Foncier agricoleLa croissance des prix des terres agricoles s'est poursuivie en 2002

| AFP

PARIS, 12 sept (AFP) - Le prix des terres agricoles a continué de croître en 2002, a indiqué vendredi le journal spécialisé Agreste Primeur qui publie les statistiques agricoles du ministère de l'Agriculture.

La hausse a atteint 4,1% pour les terres labourables et les prés en 2002 contre 3,5% un an plus tôt. En valeur réelle, en tenant compte de l'inflation, la progression est de 2,1 % contre 1,9% en 2001, précise l'enquête.\n De nombreux facteurs favorables continuent de porter le marché: l'offre se réduit avec la diminution du nombre de départs en retraite et en préretraite et les volumes de transaction sont revenus en 2002 au niveau de ceux de 2000 mais sont demeurés nettement en dessous de ceux de la période 1995-1999.

En outre, la demande des terres est toujours élevée avec une part "toujours croissante des non-agriculteurs" qui représentent 31% des surfaces achetées contre 27% en 1999. Les taux d'intérêt qui ont diminué en termes réels en 2002 sont "très faibles".
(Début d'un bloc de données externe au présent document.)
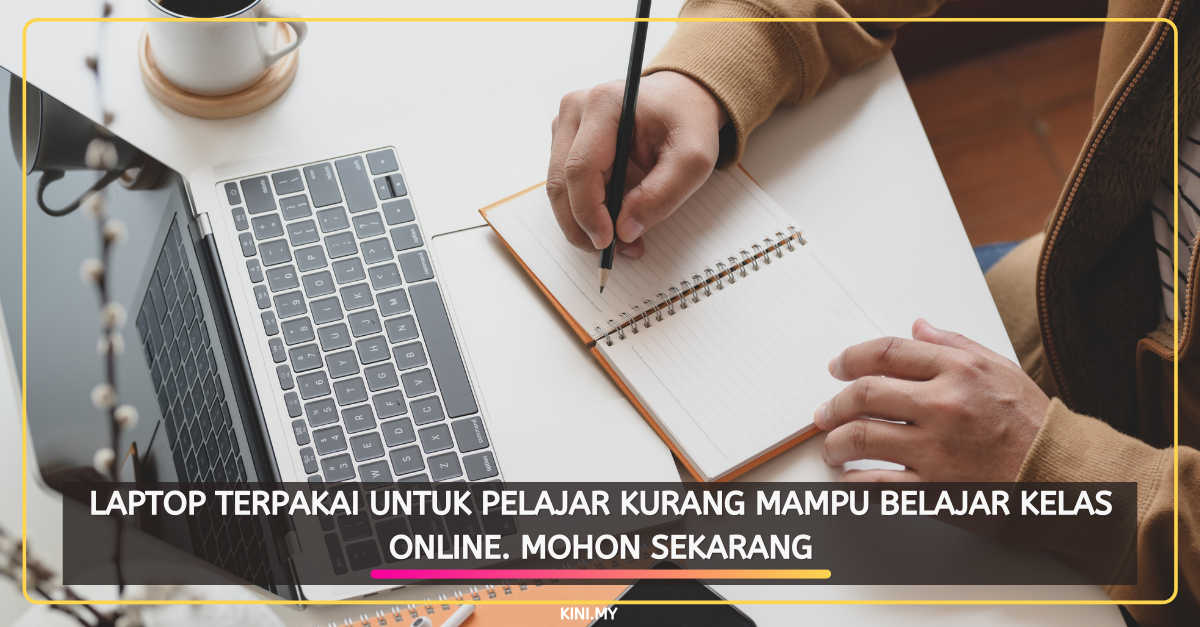 Laptop Terpakai Untuk Pelajar Kurang Mampu Belajar Kelas Online. Mohon Sekarang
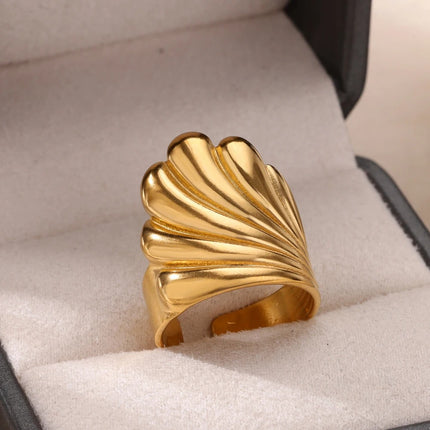 Anillo de plumas vintage para mujer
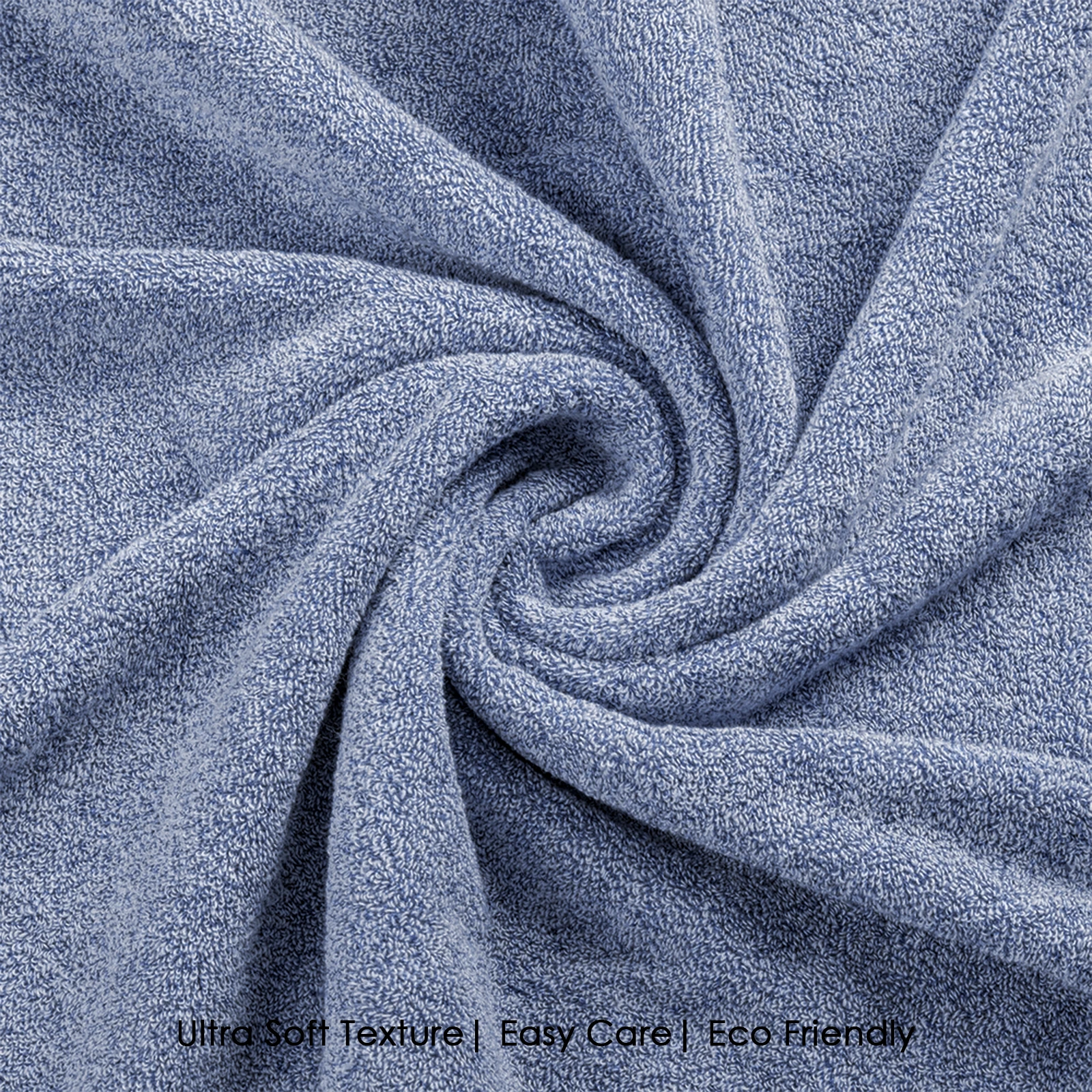 HOUSSE Esentia Bamboo & Cotton Bath Towels 550 GSM– 70×150 cm – Ultra Soft, Highly Absorbents & Quick-Drying – Eco-Friendly Luxury Bath Towel Set.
La croissance des revenus des éleveurs bovins en 2002 et celle des céréaliers facilitent leurs achats, souligne l'enquête.

En revanche, les effets de la baisse des droits de mutation, qui sont passés à 4,8% en 1999, s'estompent au fil du temps.

L'an dernier, le prix moyen des terres labourables a atteint 3.860 EUR par hectare et celui des prairies naturelles 2.750 EUR, mais des disparités régionales notables subsistent. Les prix sont nettement plus onéreux dans les zones urbaines ou à vocation touristique.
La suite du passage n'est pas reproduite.